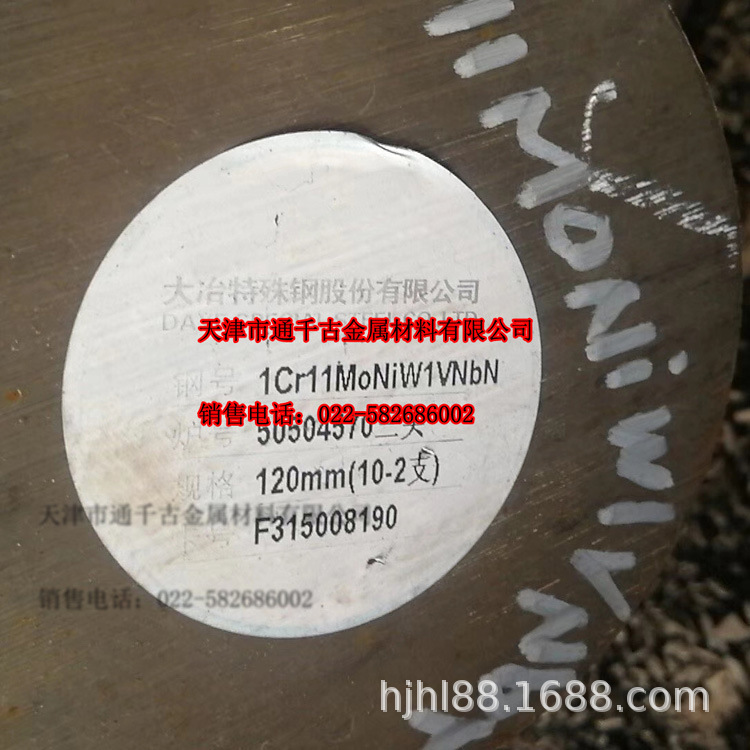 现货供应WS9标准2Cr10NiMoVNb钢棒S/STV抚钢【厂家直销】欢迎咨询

--

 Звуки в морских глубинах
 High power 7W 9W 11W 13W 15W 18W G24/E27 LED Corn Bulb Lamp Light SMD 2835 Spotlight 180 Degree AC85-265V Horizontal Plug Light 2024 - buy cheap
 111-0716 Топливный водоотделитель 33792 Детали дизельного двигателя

» **Work required**
Look through the entries above and quote exactly the lines from the line with "High power 7W" to the line with "111-0716 Топливный водоотделитель", counting both of those lines.

» **Answer for this exercise**
 High power 7W 9W 11W 13W 15W 18W G24/E27 LED Corn Bulb Lamp Light SMD 2835 Spotlight 180 Degree AC85-265V Horizontal Plug Light 2024 - buy cheap
 111-0716 Топливный водоотделитель 33792 Детали дизельного двигателя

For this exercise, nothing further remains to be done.